Modern AI relies on huge matrix multiplications (MatMuls), whose computation poses a scalability problem for inference and training. We propose an alternative, GPU native bilinear operator to MatMuls in neural networks, which offers a three-way tradeoff between: speed, accuracy and parameter count. In particular, this operator requires substantially fewer FLOPs to evaluate ($\ll n^3$), yet increases the parameter count compared to MatMul ($\gg n^2$). We call this operator Strassen-Tile (STL). The key idea behind STL is a local learnable change-of-basis, applied on tiles of the weight and activation matrices, followed by an element-wise product between the tiles, implemented simultaneously via MatMul. The key technical question we study is how to optimize the change-of-basis of a given layer, which is a highly non-convex problem.
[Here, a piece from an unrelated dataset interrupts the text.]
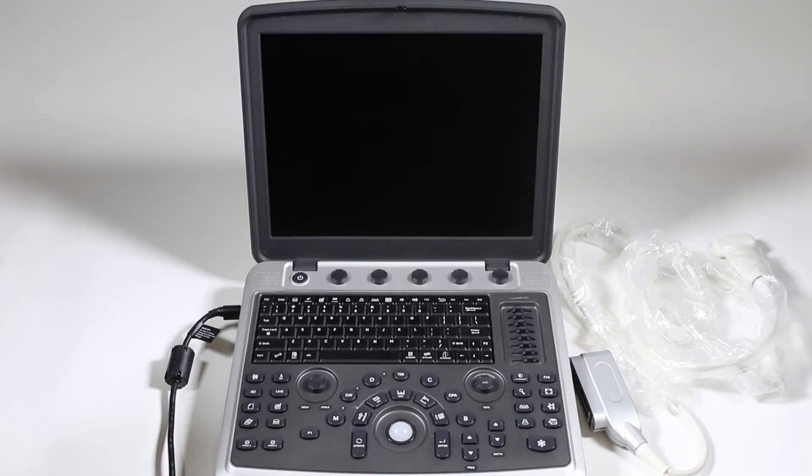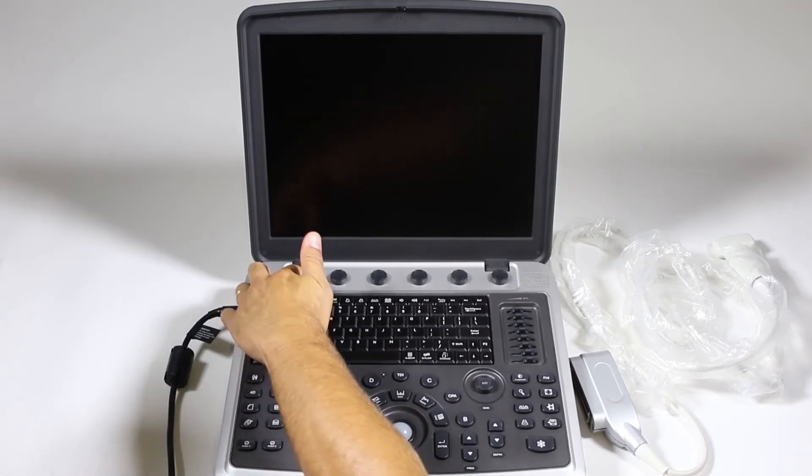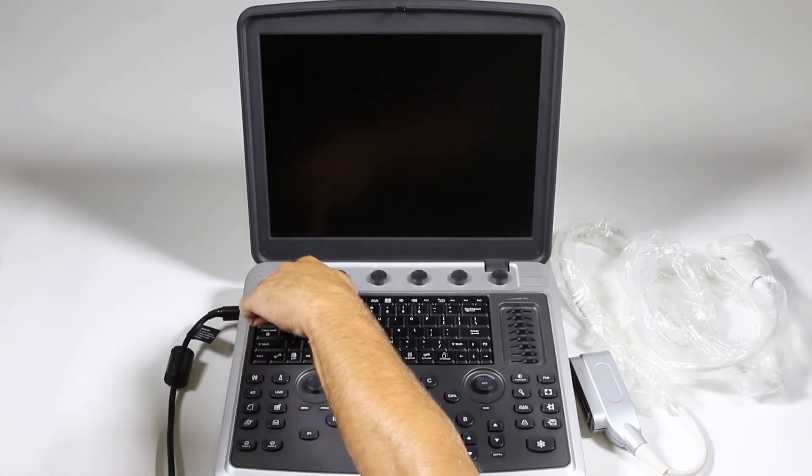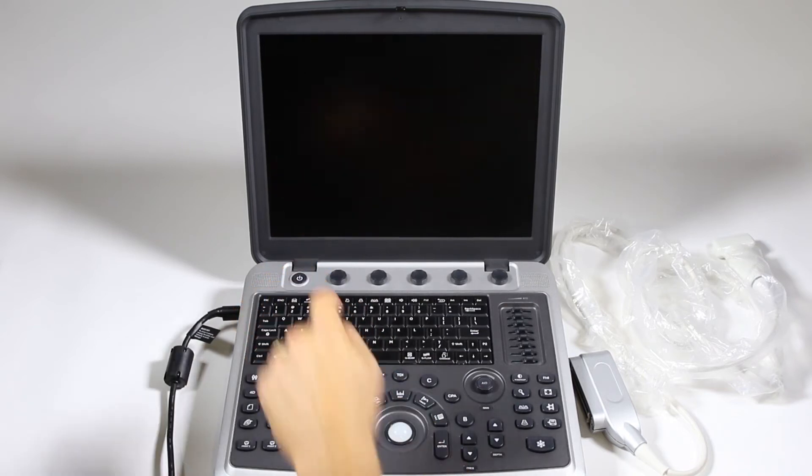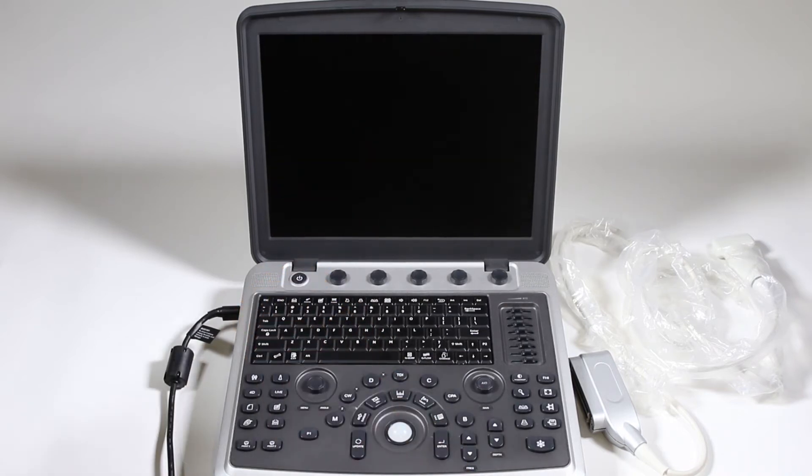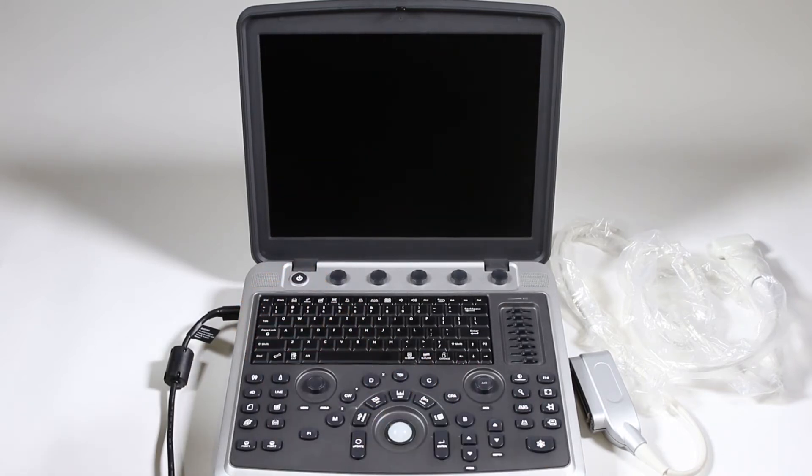Hi, and welcome to Providian Medical's Chison Sonobook 9 Ultrasound Training. Let's get started. Press in the power button right up in this upper left hand corner. Hold it for a moment and the keyboard will light up and you'll hear it start up.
We show that theory-backed initializations (inspired by fast matrix and polynomial multiplication) lead to substantially better accuracy than random SGD initialization. This phenomenon motivates further algorithmic study of STL optimization in DNNs. Our experiments demonstrate that STL can approximate 4x4 MatMul of tiles while reducing FLOPs by a factor of 2.66, and can improve Imagenet-1K accuracy of SoTA T2T-ViT-7 (4.3M parameters) while lowering FLOPs. Even with non-CUDA optimized PyTorch code, STL achieves wall-clock speedups in the compute-bound regime. These results, together with its theoretical grounds, suggest STL as a promising building block for scalable and cost-efficient AI.

翻译：现代人工智能依赖于大规模的矩阵乘法（MatMuls），其计算量对推理和训练的可扩展性构成了挑战。本文提出一种替代方案，即GPU原生双线性算子，用于替代神经网络中的矩阵乘法，该算子在速度、精度和参数量之间实现了三方面的权衡。具体而言，该算子的浮点运算次数显著减少（$\ll n^3$），但与矩阵乘法相比，参数量有所增加（$\gg n^2$）。我们将此算子称为Strassen-Tile（STL）。STL的核心思想是：对权重矩阵和激活矩阵的分块进行局部可学习的基变换，随后通过矩阵乘法同时实现分块间的逐元素乘积。我们研究的关键技术问题是如何优化给定层的基变换，这是一个高度非凸的优化问题。我们证明，基于理论指导的初始化方法（灵感来源于快速矩阵乘法与多项式乘法）相比随机SGD初始化能显著提升精度。这一现象推动了对深度神经网络中STL优化算法的进一步研究。实验表明，STL能够近似4×4分块的矩阵乘法，同时将浮点运算次数降低至原来的1/2.66，并能在降低浮点运算次数的同时，提升当前最优模型T2T-ViT-7（430万参数）在Imagenet-1K数据集上的准确率。即使使用未经CUDA优化的PyTorch代码，STL在计算受限场景下仍能实现实际运行速度的提升。这些结果及其理论基础表明，STL有望成为构建可扩展且高性价比人工智能系统的关键组件。